__What you should do__
For this exercise, copy each line of the records that contains the word "Gray".

__Information given__
# # # # #

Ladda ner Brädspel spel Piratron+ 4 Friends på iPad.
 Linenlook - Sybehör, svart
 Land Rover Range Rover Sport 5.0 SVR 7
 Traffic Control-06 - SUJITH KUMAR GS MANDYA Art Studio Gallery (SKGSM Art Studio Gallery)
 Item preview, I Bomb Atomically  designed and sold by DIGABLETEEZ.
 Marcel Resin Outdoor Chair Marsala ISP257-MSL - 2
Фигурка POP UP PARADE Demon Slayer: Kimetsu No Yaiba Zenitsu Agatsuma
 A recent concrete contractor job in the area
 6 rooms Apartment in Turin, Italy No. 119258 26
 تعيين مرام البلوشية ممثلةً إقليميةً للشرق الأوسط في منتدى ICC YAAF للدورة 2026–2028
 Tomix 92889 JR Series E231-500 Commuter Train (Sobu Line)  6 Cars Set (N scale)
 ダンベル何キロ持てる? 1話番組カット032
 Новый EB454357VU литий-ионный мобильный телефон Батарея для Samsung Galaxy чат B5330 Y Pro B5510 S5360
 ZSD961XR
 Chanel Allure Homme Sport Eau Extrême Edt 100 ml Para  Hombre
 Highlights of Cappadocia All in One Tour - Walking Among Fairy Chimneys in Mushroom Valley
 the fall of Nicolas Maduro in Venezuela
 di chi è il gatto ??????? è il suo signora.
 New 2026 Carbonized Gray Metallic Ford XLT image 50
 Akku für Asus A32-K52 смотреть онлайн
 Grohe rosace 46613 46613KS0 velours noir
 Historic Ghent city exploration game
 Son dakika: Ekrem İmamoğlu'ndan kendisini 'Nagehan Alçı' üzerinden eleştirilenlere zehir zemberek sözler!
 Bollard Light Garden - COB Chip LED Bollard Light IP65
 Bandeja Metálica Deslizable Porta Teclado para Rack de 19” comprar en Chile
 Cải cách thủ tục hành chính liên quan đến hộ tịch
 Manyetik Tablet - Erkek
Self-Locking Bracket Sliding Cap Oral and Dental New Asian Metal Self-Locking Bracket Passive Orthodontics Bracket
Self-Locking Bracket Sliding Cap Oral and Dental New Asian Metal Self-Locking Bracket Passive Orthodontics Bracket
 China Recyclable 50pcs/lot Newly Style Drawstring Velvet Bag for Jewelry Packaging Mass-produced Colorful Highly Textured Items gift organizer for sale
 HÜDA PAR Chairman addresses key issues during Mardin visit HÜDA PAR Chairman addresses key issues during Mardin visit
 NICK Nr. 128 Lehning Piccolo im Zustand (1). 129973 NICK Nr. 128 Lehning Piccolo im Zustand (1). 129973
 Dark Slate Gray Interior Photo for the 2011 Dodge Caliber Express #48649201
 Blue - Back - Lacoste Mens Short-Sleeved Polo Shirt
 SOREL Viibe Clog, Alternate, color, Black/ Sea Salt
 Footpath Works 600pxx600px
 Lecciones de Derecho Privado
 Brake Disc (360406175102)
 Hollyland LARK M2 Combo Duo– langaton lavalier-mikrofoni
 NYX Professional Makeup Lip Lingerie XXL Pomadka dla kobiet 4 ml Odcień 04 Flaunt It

# # # # #

__Answer section__
 New 2026 Carbonized Gray Metallic Ford XLT image 50
 Dark Slate Gray Interior Photo for the 2011 Dodge Caliber Express #48649201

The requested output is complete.